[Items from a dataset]
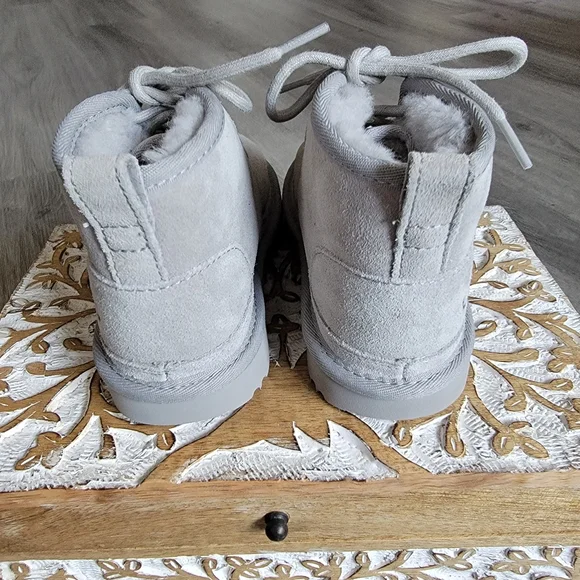 UGG Kids Neumel Chopd Suede Boot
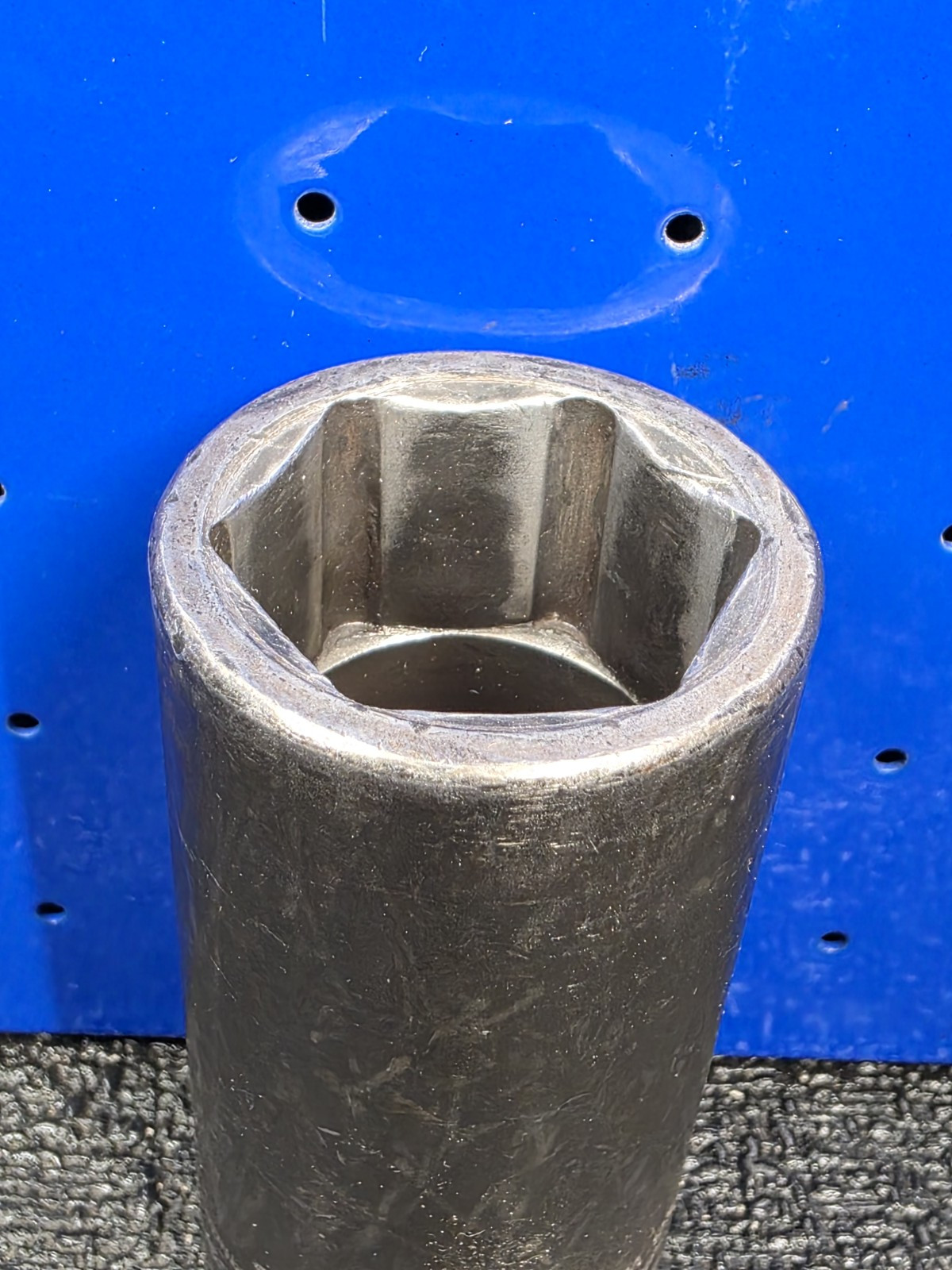 Snap-on Tools SIMM300 30mm 1/2″ Drive Metric DEEP 6-Point Impact Socket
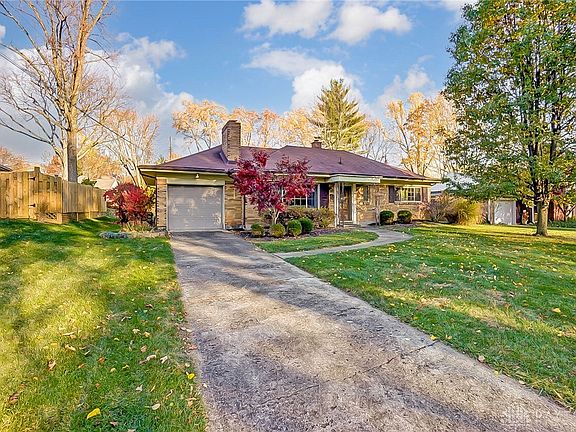 2nd image of 3812 Lenox Dr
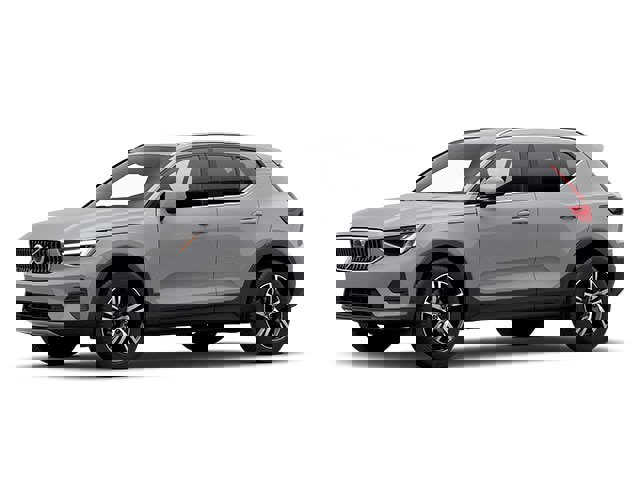 Certified 2025 Volvo XC40 B5 Core image 1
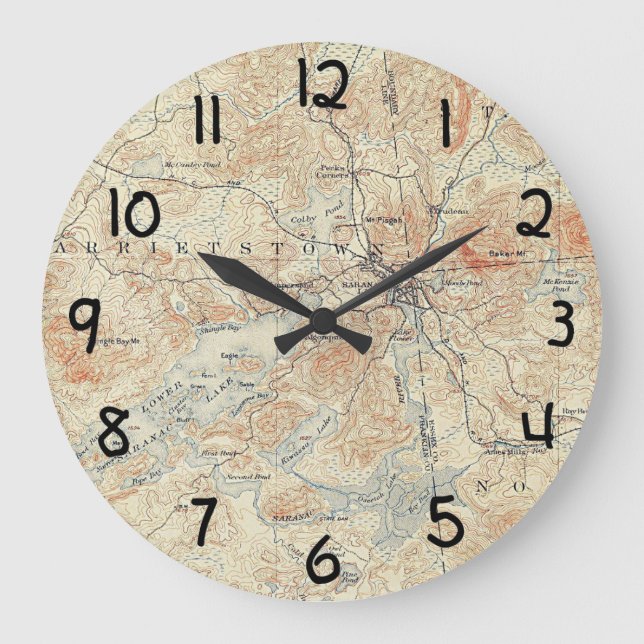 Dorf und Gebiet des Saranac Sees in Adirondacks Große Wanduhr (Vorderseite)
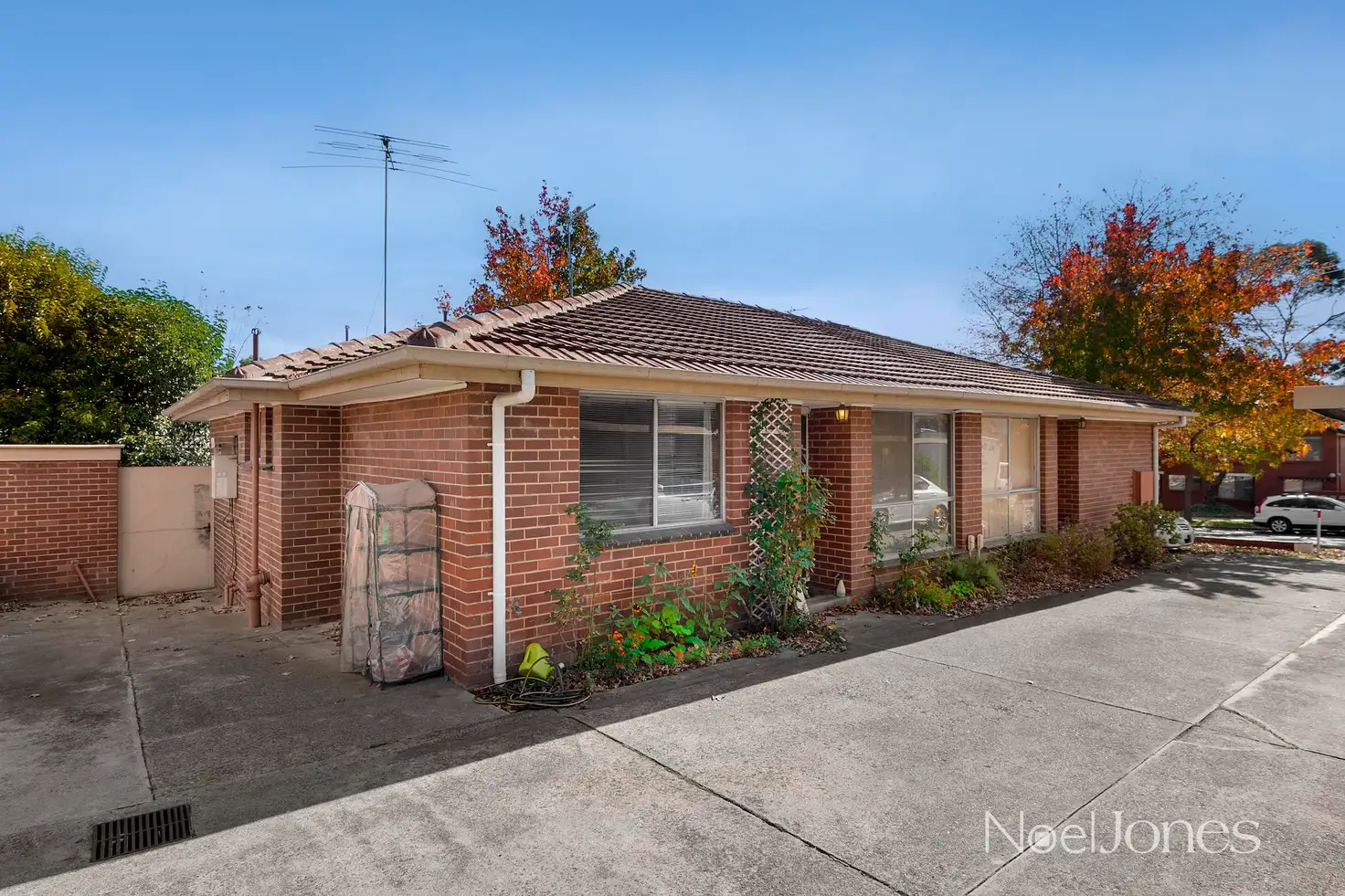 Main view of Homely unit listing, 2/73 Thames Street, Box Hill VIC 3128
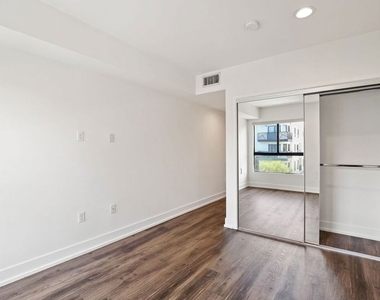 807 Hudson - Photo Thumbnail 10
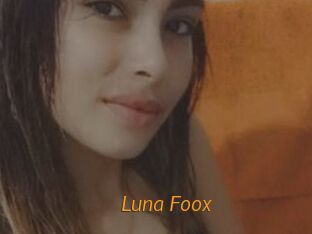 Luna_Foox
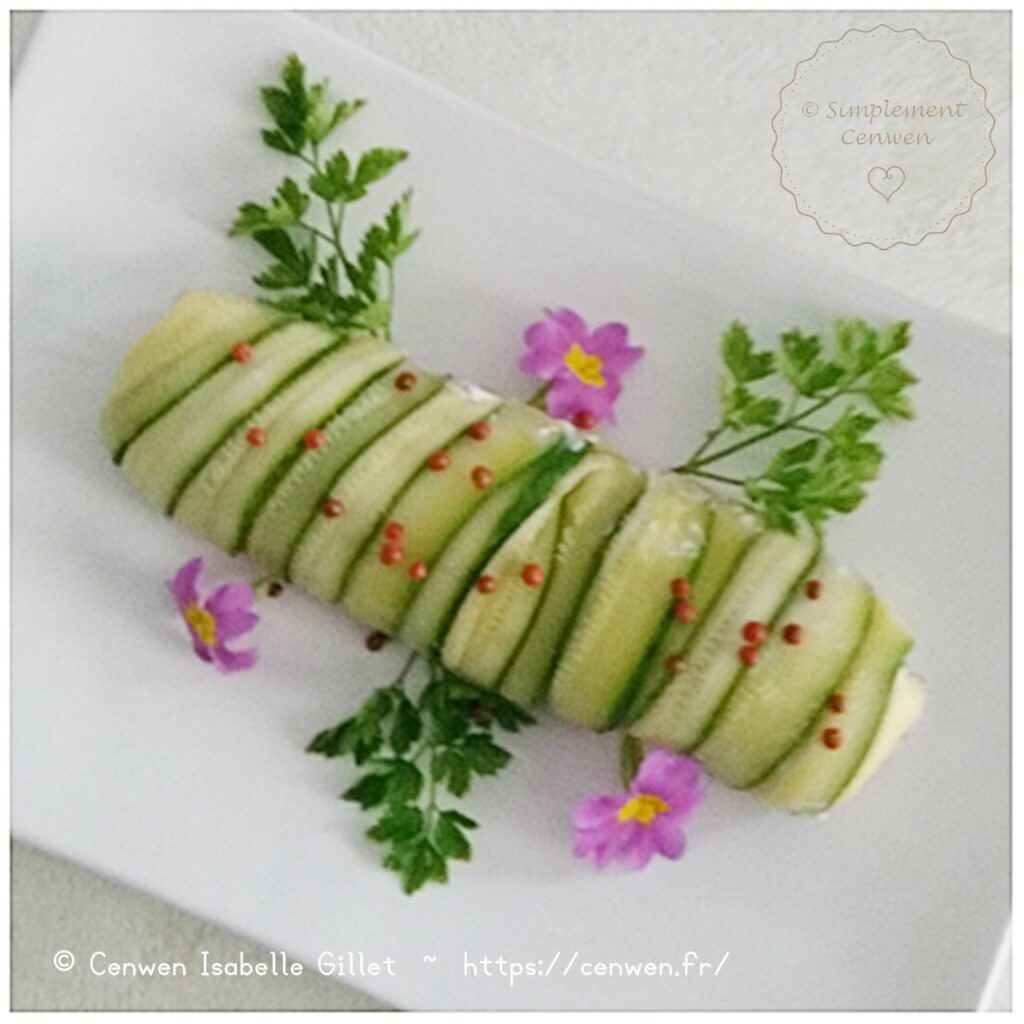 Roulés de courgette garnis de cream cheese végétal, présentés en petites spirales fraîches.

Task details ▸
Output nothing except an exact copy of the records above, with the images left out.

Solved exercise ▸
 UGG Kids Neumel Chopd Suede Boot
 Snap-on Tools SIMM300 30mm 1/2″ Drive Metric DEEP 6-Point Impact Socket
 2nd image of 3812 Lenox Dr
 Certified 2025 Volvo XC40 B5 Core image 1
 Dorf und Gebiet des Saranac Sees in Adirondacks Große Wanduhr (Vorderseite)
 Main view of Homely unit listing, 2/73 Thames Street, Box Hill VIC 3128
 807 Hudson - Photo Thumbnail 10
 Luna_Foox
 Roulés de courgette garnis de cream cheese végétal, présentés en petites spirales fraîches.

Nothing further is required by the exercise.